*Action item*.
All of the data should be copied exactly, with the pictures left out.

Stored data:
________

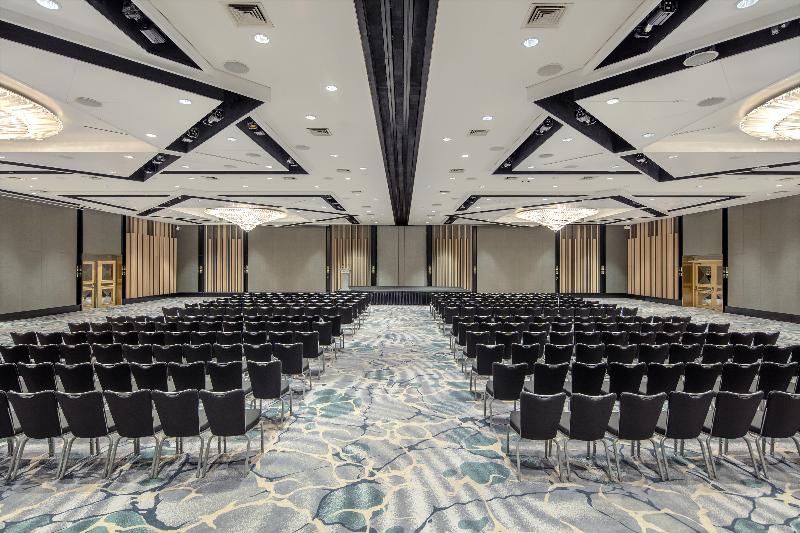 Swissotel The Stamford Singapore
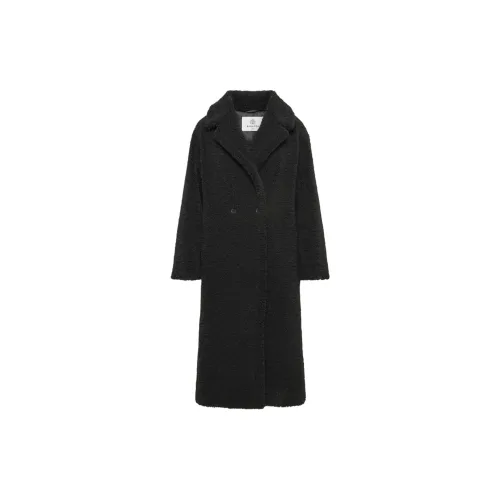 ARITZIA Coats Women's BLACK/Black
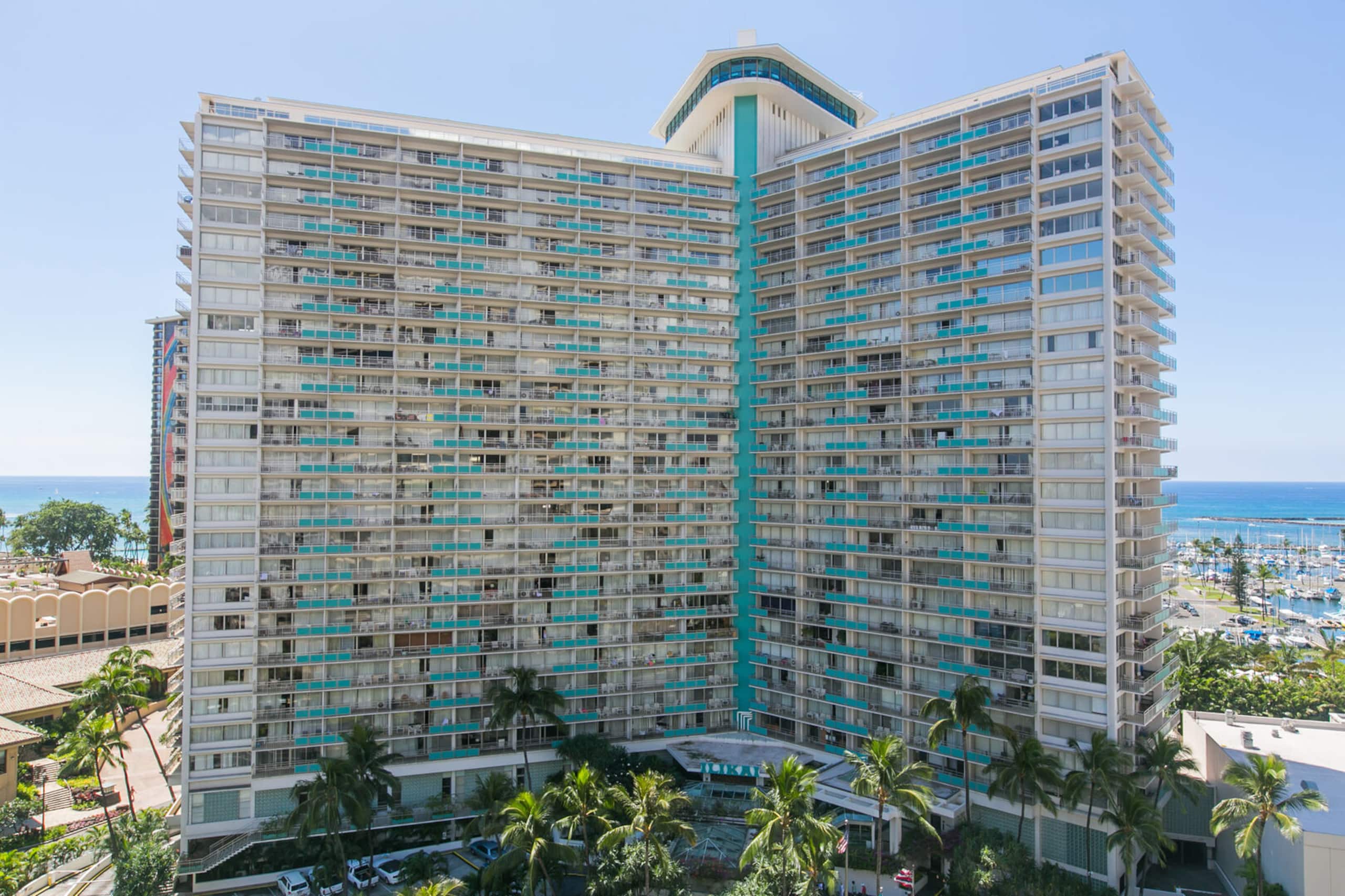 Condo in Honolulu · ★4.8 · Studio · 1 private bath - Image 13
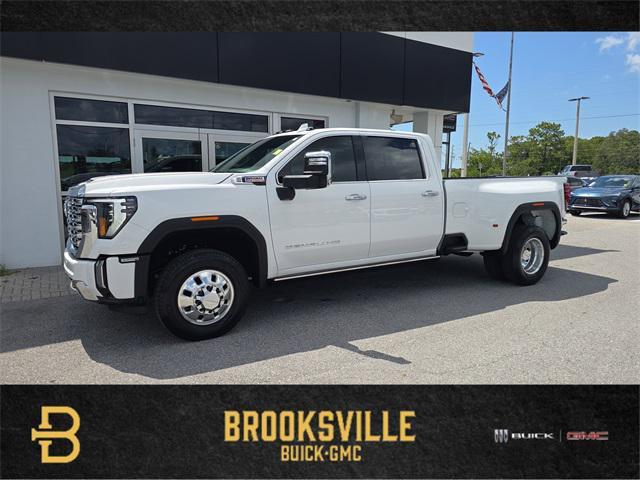 Photo of 2024 Summit White GMC Sierra 3500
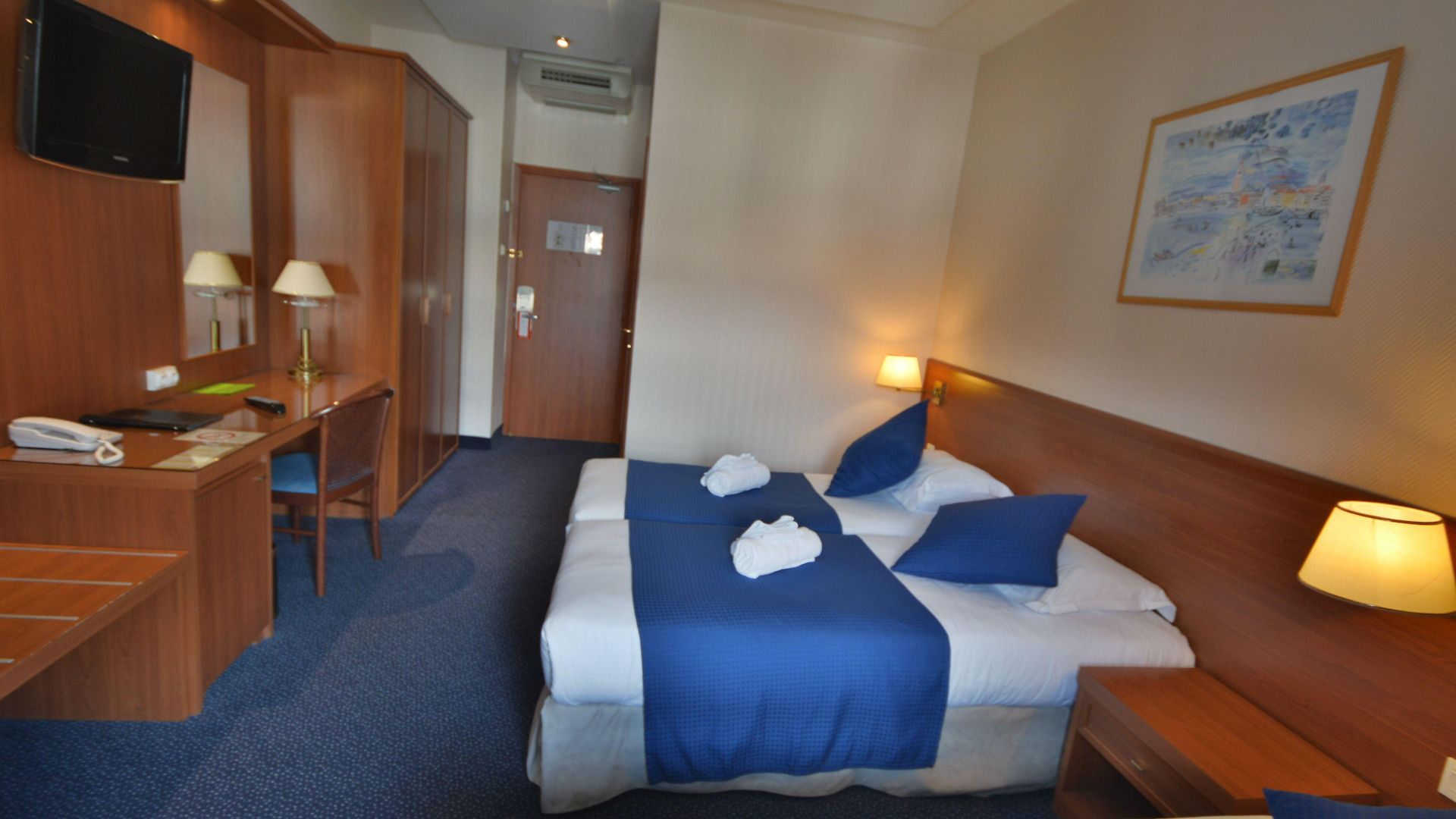 Hotel Univers 4*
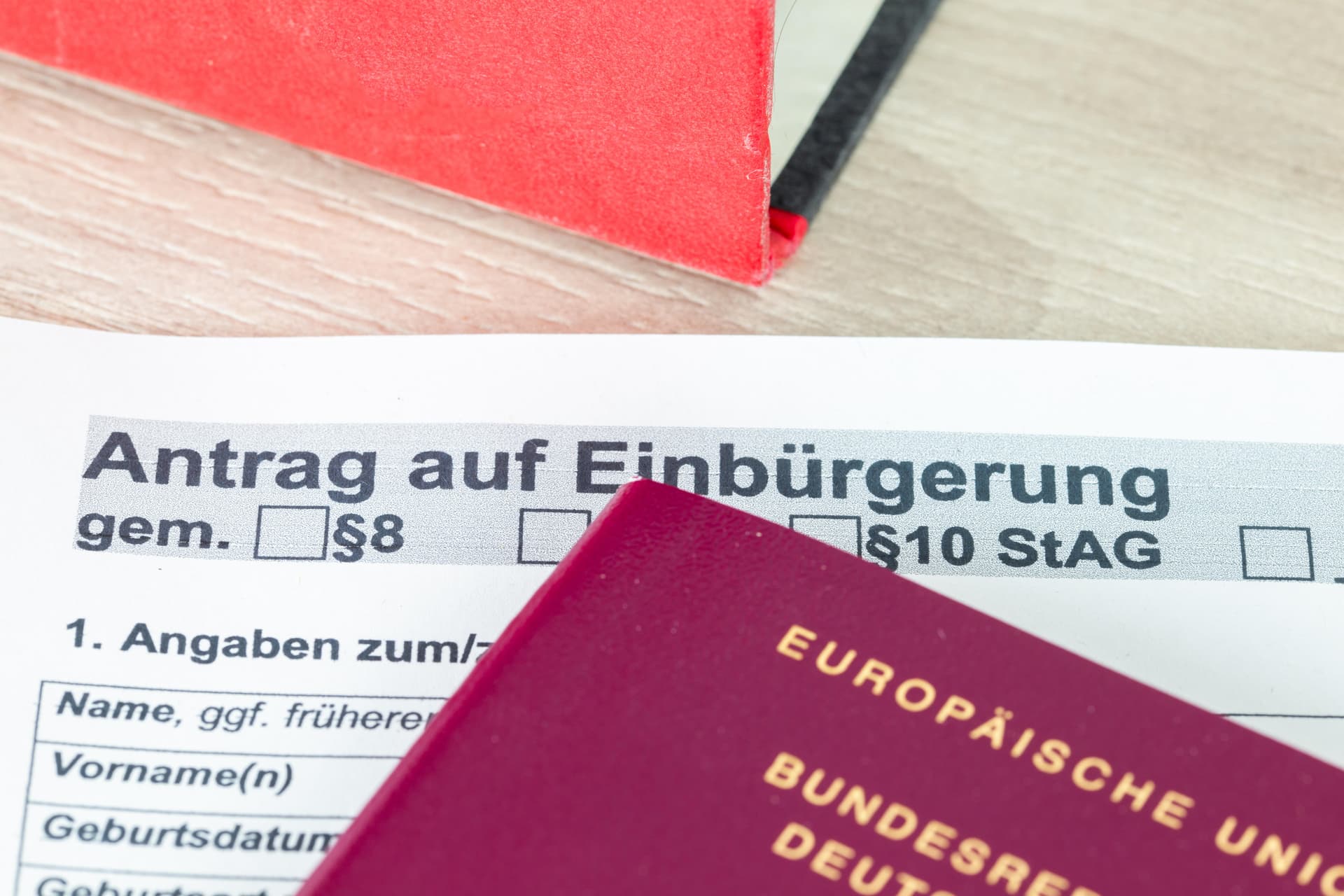 Neues Staatsangehörigkeitsrecht seit einem Monat in Kraft: Der Ansturm auf den deutschen Pass hat begonnen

________

*Finished exercise*.
 Swissotel The Stamford Singapore
 ARITZIA Coats Women's BLACK/Black
 Condo in Honolulu · ★4.8 · Studio · 1 private bath - Image 13
 Photo of 2024 Summit White GMC Sierra 3500
 Hotel Univers 4*
 Neues Staatsangehörigkeitsrecht seit einem Monat in Kraft: Der Ansturm auf den deutschen Pass hat begonnen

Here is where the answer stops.